Por todo lo anterior, no es conforme a Derecho constituir una sociedad limitada sin proceder a su inscripción en el Registro Mercantil, ya que sin dicho requisito la sociedad no existe jurídicamente y se expone a un régimen de responsabilidad especialmente gravoso para los socios.

2. ¿Puede Ana realizar la aportación indicada a la sociedad?

La aportación que realiza Ana no puede considerarse válida a efectos de integrar el capital social de una sociedad limitada. El artículo 58 LSC establece con claridad que únicamente pueden aportarse bienes o derechos patrimoniales susceptibles de valoración económica. En consecuencia, el trabajo personal, los servicios, la experiencia profesional o las habilidades no pueden constituir aportaciones al capital social, pues carecen de entidad patrimonial autónoma y no pueden ser objeto de valoración económica objetiva en los términos exigidos por la Ley.

Respecto al portafolio de diseño, este solo podría constituir una aportación válida si se tratara de un conjunto de obras gráficas sobre las que la aportante tuviera derechos patrimoniales y que fueran valorables económicamente. En tal caso, sería obligatorio seguir el procedimiento previsto para las aportaciones no dinerarias en las SRL, regulado en los artículos 73 a 76 LSC, lo cual exige la emisión de un informe de valoración por experto independiente. En el supuesto planteado, no solo no se realiza dicha valoración, sino que además parte esencial de la aportación consiste en trabajo personal, lo cual es jurídicamente inadmisible.

Por tanto, Ana no puede aportar trabajo ni un portafolio no valorado, y su aportación no puede considerarse válida a efectos de recibir participaciones sociales.

3. Respecto de las participaciones otorgadas a Ana, ¿cumplen lo dispuesto en la LSC?
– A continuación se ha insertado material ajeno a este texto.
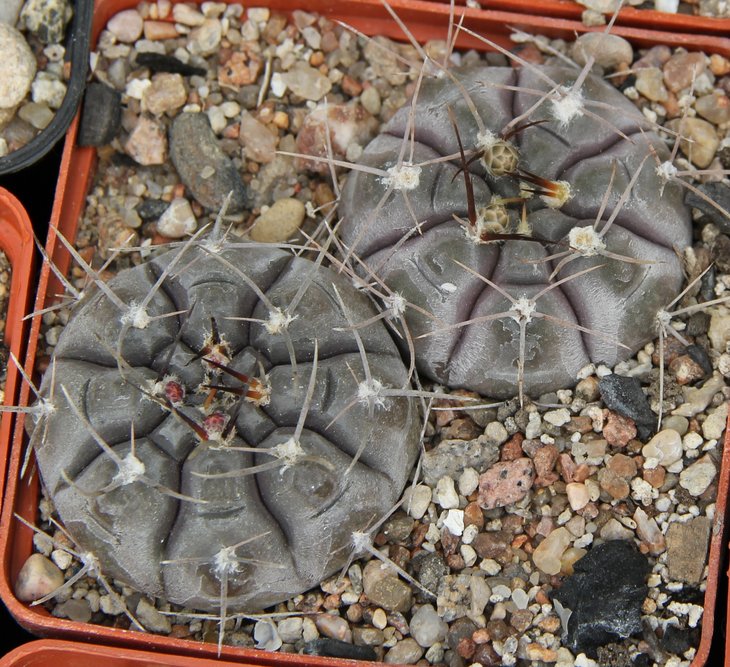 Gymnocalycium striglianum aeneum VG407.2  KK335.487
La atribución de participaciones a Ana no se ajusta a lo dispuesto en la Ley de Sociedades de Capital. De acuerdo con el principio de proporcionalidad recogido en el artículo 96 LSC, los derechos económicos y políticos derivados de las participaciones deben corresponderse con la efectiva aportación realizada por cada socio al capital social. En este caso, Ana recibe 150 participaciones —equivalentes a un valor nominal de 15.000 €— sin haber efectuado una aportación patrimonial válida que justifique tal atribución.

Dado que el trabajo personal no puede formar parte del capital social (art. 58 LSC) y que el portafolio no ha sido objeto de valoración por experto independiente, la aportación carece de validez jurídica, lo que implica que la atribución de participaciones es contraria al principio de proporcionalidad y, por tanto, infringe directamente el artículo 96 LSC.

En consecuencia, las participaciones entregadas a Ana no cumplen la LSC, al no existir una aportación real que las respalde. La operación sería jurídicamente ineficaz y podría dar lugar a responsabilidad de los socios fundadores.